The taxing question: 10p or not 10p?
"I have always believed that the next election will be summed up in three words: cost of living."
The Conservative MP Robert Halfon is sitting in his office in Parliament, a copy of the left-leaning New Statesman lying on his desk.
The magazine's leader column doesn't make a habit of praising Tory MPs, but it has made an exception for Mr Halfon.
"Lessons for Labour from an Essex Tory MP" reads the headline on its editorial.
"That's going on the back of my bathroom door!" he tells me proudly.
The New Statesman thought Mr Halfon's campaign to restore a lower rate of income tax of 10p in the pound was such a good one, Labour ought to give it a look too.
There had already been praise from the online Bible of the Conservative grassroots, Conservative Home, the Daily Mirror and Gavin Kelly, the chief executive of the think tank the Resolution Foundation, who worked in Downing Street for Gordon Brown.
'All hell broke loose'
Mr Brown had both introduced the 10p rate, back in 1999 and scrapped it in 2007.
Hours later, Prime Minister David Cameron gave a nod to Mr Halfon's campaign in the Commons, and hours after that the Labour leader Ed Miliband said a future Labour government would reincarnate the 10p rate.
The scrap that has broken out over the ownership of the idea is an indicator of the importance of the fight for the political territory it is all about: people's standard of living, and the cost of living.
"The 10p rate of income tax had an iconic status, particularly for many people on relatively low pay, who felt it was a bit of the tax system on their side. All hell broke loose when it was abolished," Gavin Kelly from the Resolution Foundation told BBC Radio 4's PM.
"We live in a time when people are feeling huge pressures on their family budgets, on their living standards and it is quite hard for governments and opposition parties to know exactly what to say and what to do about that."
Mr Halfon is philosophical that his idea - originally a Labour idea - has been nicked. By Labour.
He hopes Ed Miliband's attraction to it spurs the government to introduce it first and has already detected the government is listening to his argument.
"It is interesting, when you do other things you occasionally get raised eyebrows from the whips and one or two comments here and there. But on this they have been very open and have been listening carefully.

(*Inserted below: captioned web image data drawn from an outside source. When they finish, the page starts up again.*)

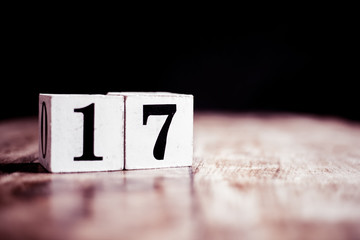 Number 17 isolated on dark background- 3D number seventeen isolated on vintage wooden table - obrazy, fototapety, plakaty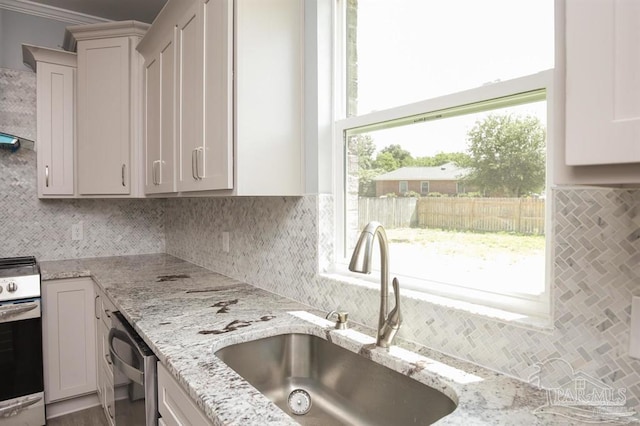 kitchen featuring white cabinetry, light stone countertops, sink, tasteful backsplash, and appliances with stainless steel finishes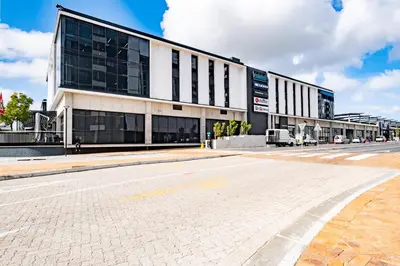 an empty street in front of a large building at 507 Riverlands - Lux Studio Apartment in Cape Town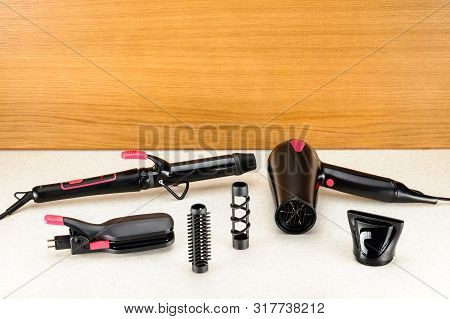 Electrical Hair Iron And Dryer For Household On The Woody Marbled Background With Copy Space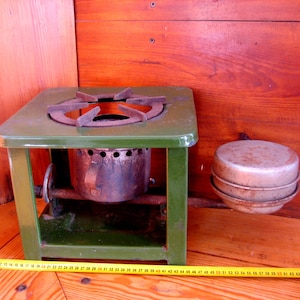 Old kerosene stove (Kerogaz), for cooking on an open fire, sample of the 30-40s of the twentieth century. Historical artifact. Antique gift.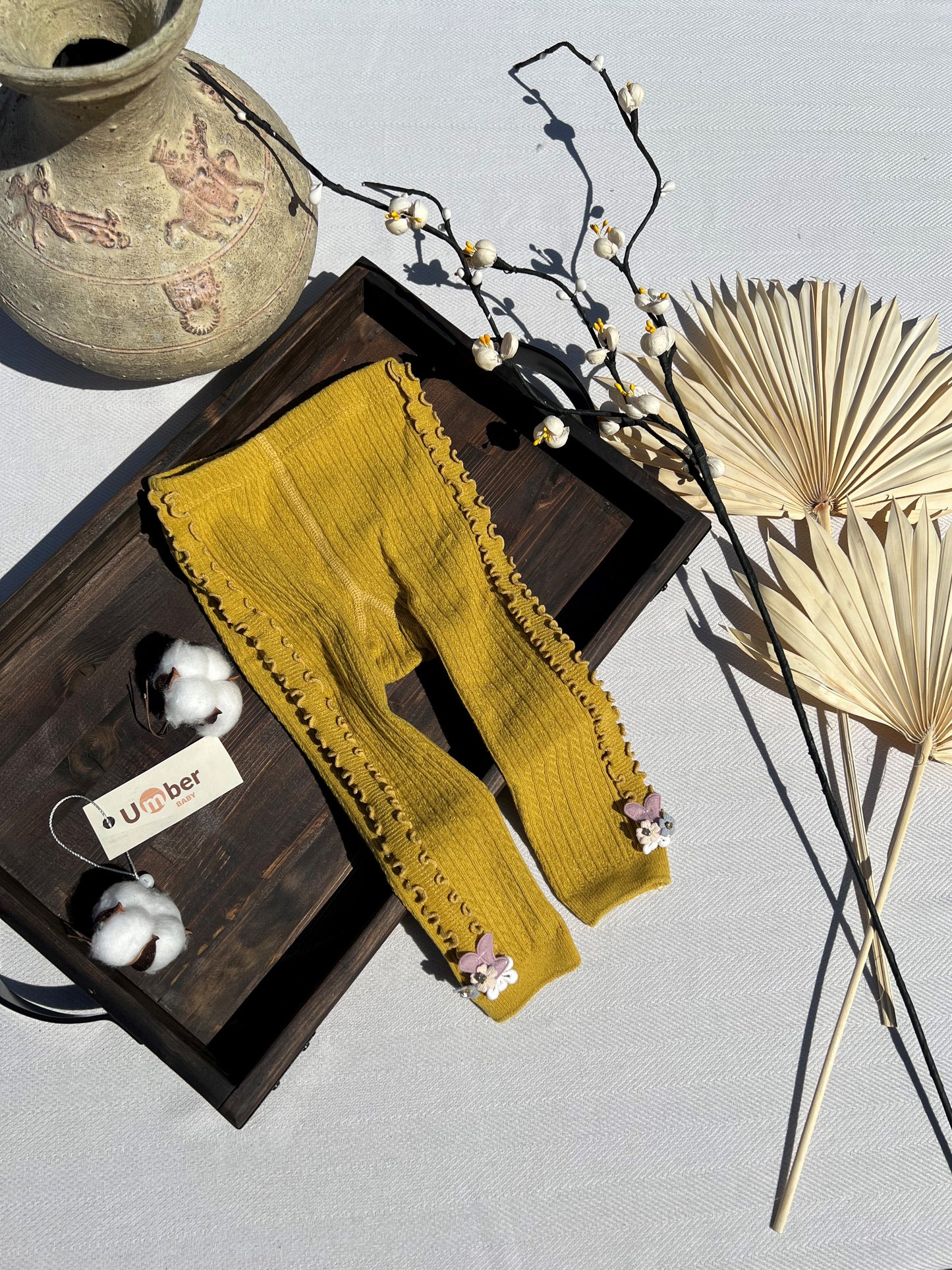 Mustard Side Ruffle Ribbed Baby Tights with a Small 3D Cluster of Flowers at the Bottom of Each Leg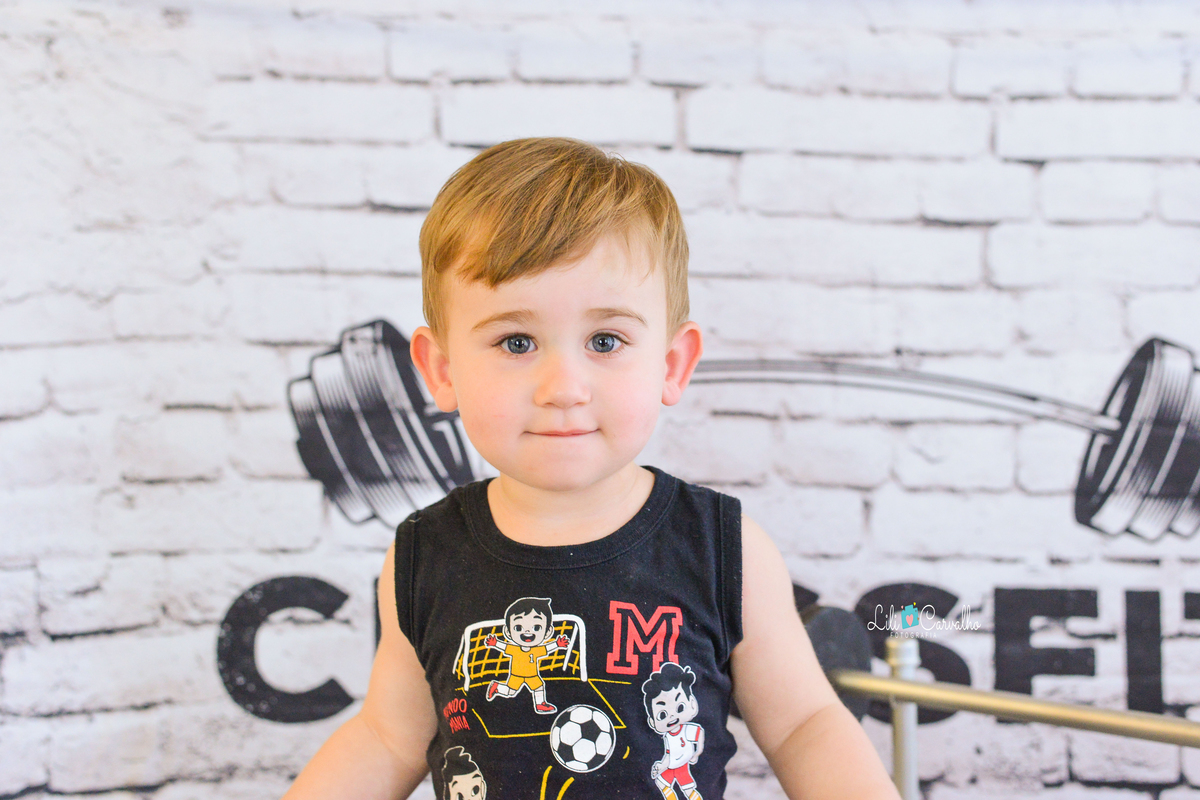 Ensaio fotografico de menino em estudio em Maringá segurando o riso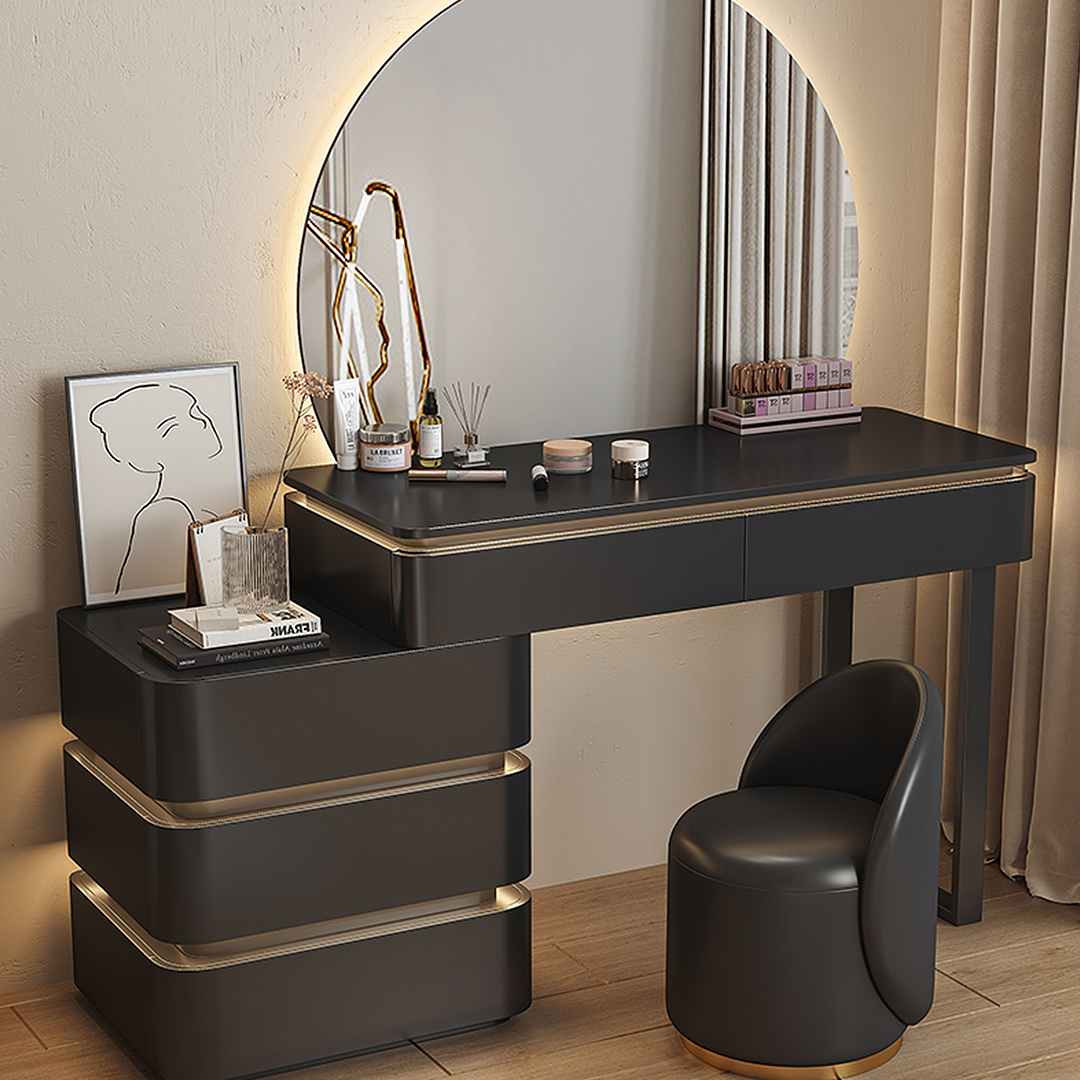Black vanity table with mirror and stool in a room setting
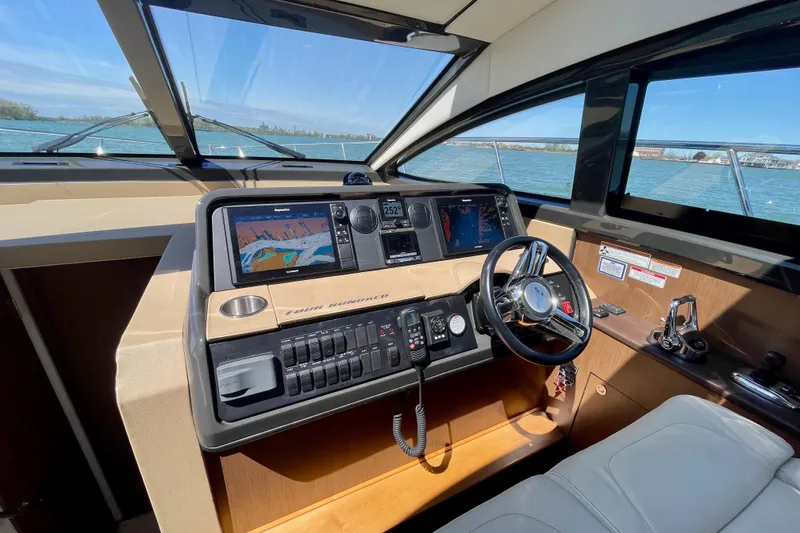 Slide: The Image of 2017 Sea Ray Sundancer 400 helm with navigation screens and steering wheel, overlooking water. - 18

"I did a debate on this in Westminster Hall and the Treasury minister's response on this was very interesting and he actually went through the history of how Gordon Brown repealed the 10p tax and suggested that had been a mistake."
The specifics of how Mr Halfon would like to see the policy implemented and Labour's plan do vary, but the headline idea is the same.
But others are not sure it's a wise plan, however it is introduced.
"One of my concerns is that if we are going to look to simplify our personal tax system and perhaps merge income tax with National Insurance, this measure makes that even more difficult because it creates even more marginal rates," Ryan Bourne from the free-market think tank the Centre for Policy Studies said.
Mr Bourne is concerned its reintroduction will make an already baffling tax system even more baffling.
"The way that it interacts with National Insurance and Tax Credit withdrawal means you get lots of deviations in that marginal rate across low rates of income and that can't be good for simplifying the tax system in the longer term."
For Robert Halfon, "tax-cutting is as much political as it is economic". In other words, it is about the signal it sends to the electorate and a 10p rate of income tax introduced by the Conservatives might help the party shake off the "party for the rich" tag its opponents like to throw around its neck.
Gavin Kelly from the Resolution Foundation agrees about both the power of the idea to shape perceptions of the political parties and the significance of winning that tussle.
"Make no mistake, this is the biggest issue in British politics today and tomorrow. It is not going away. The whole issue of living standards and more specifically the cost of living is an enormous deal for millions and millions of voters for all political parties all over the country and of course all the parties know that."
"They struggle to find simple ways of explaining what they can do about it because the problems people are on the end of are quite deep and structural," he adds.
The debate over 10p is likely to be just the opening salvo in a two year battle between now and the next election over which of the parties can best help improve our standard of living, and the cost of living for some of the poorest working families in particular.